■ **Data**
-----

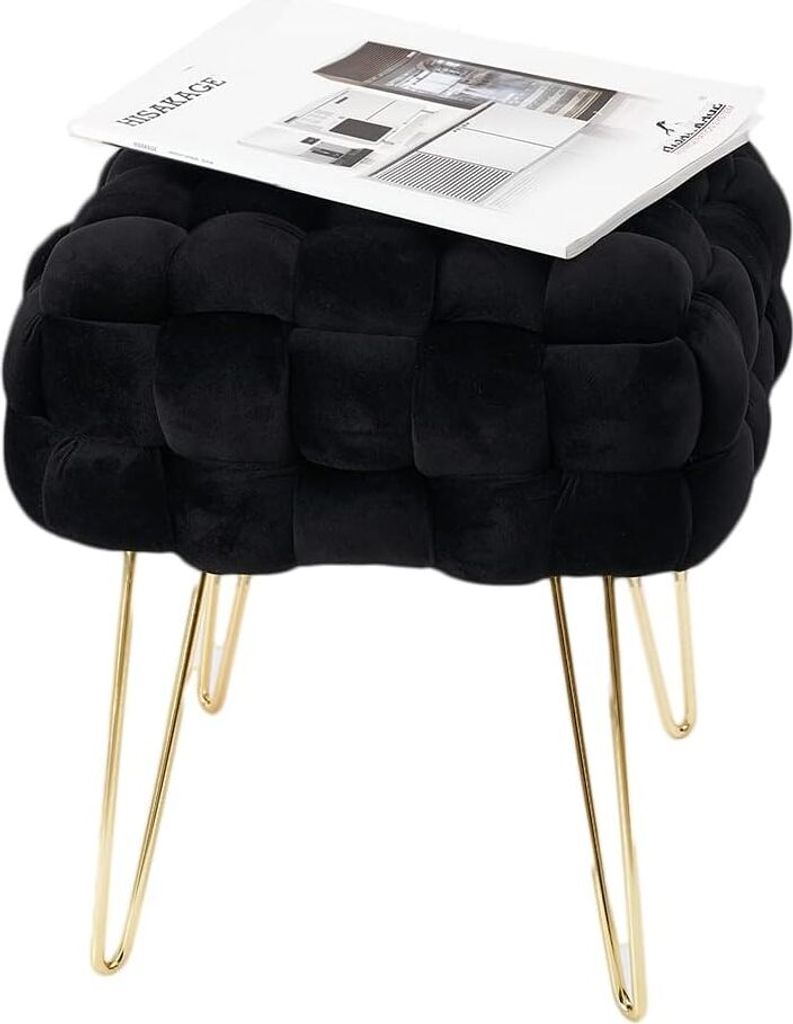 Theo&Cleo Moderner Velvet Kosmetik Hocker, Quadratisch Produktbild 3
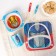 A set of children's bamboo dishes, 5 objects: plate, fork, spoon, glass, bowl, transformers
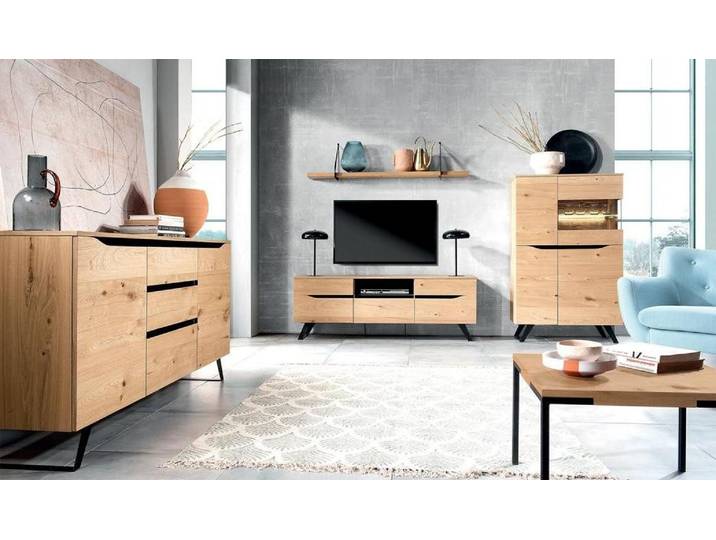 Xlmoebel TV-Schrank Elegantes Holz-Lowboard mit Wohnzimmerschrank und Wandregal (4-St., Sideboard) Hergestellt in Europa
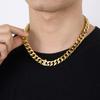 Kalen 10/12/13MM Cubaanse Ketting Zwaar Armband Glanzende Ketting voor Mannen 316L Roestvrij Staal Goudkleurig Sieraden Verjaardagsfeest Cadeau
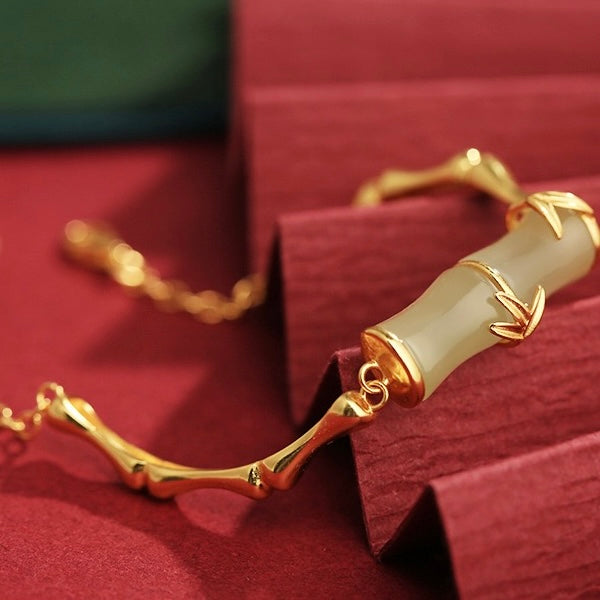 Natural Hetian Jade Feng Shui Bamboo Bracelet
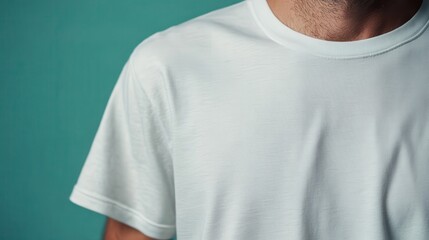 This image shows a close-up of a person wearing a plain white t-shirt against a solid green background, capturing the texture and simplicity of the cloth material.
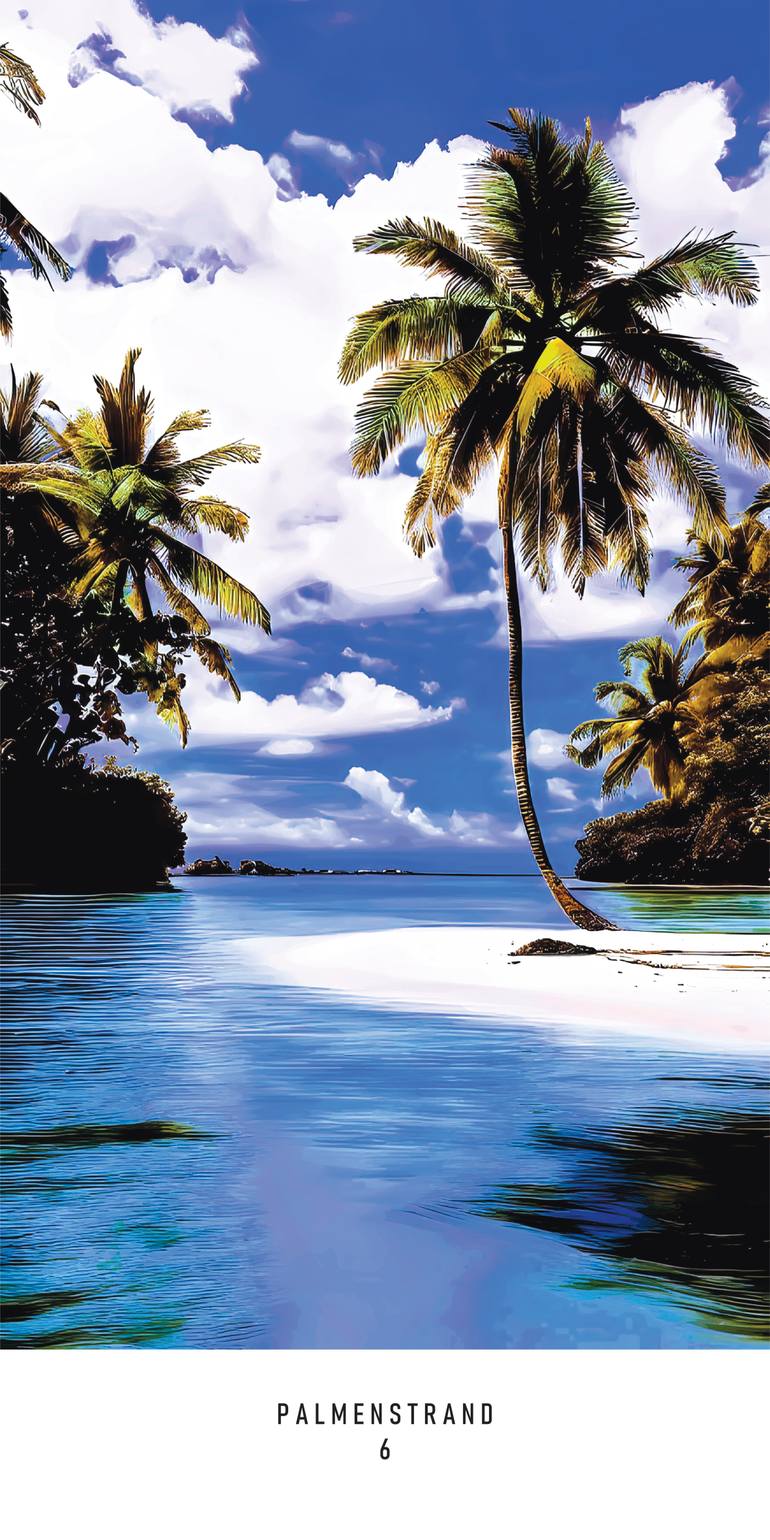 Original Beach Printmaking by Andreas Ritter  Photorealism Art on Acrylic  PALMENSTRAND 6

-----

■ **Exercise brief**
Your answer must be an exact copy of the records, minus any pictures.

■ **Exercise answer**
 Theo&Cleo Moderner Velvet Kosmetik Hocker, Quadratisch Produktbild 3
 A set of children's bamboo dishes, 5 objects: plate, fork, spoon, glass, bowl, transformers
 Xlmoebel TV-Schrank Elegantes Holz-Lowboard mit Wohnzimmerschrank und Wandregal (4-St., Sideboard) Hergestellt in Europa
 Kalen 10/12/13MM Cubaanse Ketting Zwaar Armband Glanzende Ketting voor Mannen 316L Roestvrij Staal Goudkleurig Sieraden Verjaardagsfeest Cadeau
 Natural Hetian Jade Feng Shui Bamboo Bracelet
 This image shows a close-up of a person wearing a plain white t-shirt against a solid green background, capturing the texture and simplicity of the cloth material.
 Original Beach Printmaking by Andreas Ritter  Photorealism Art on Acrylic  PALMENSTRAND 6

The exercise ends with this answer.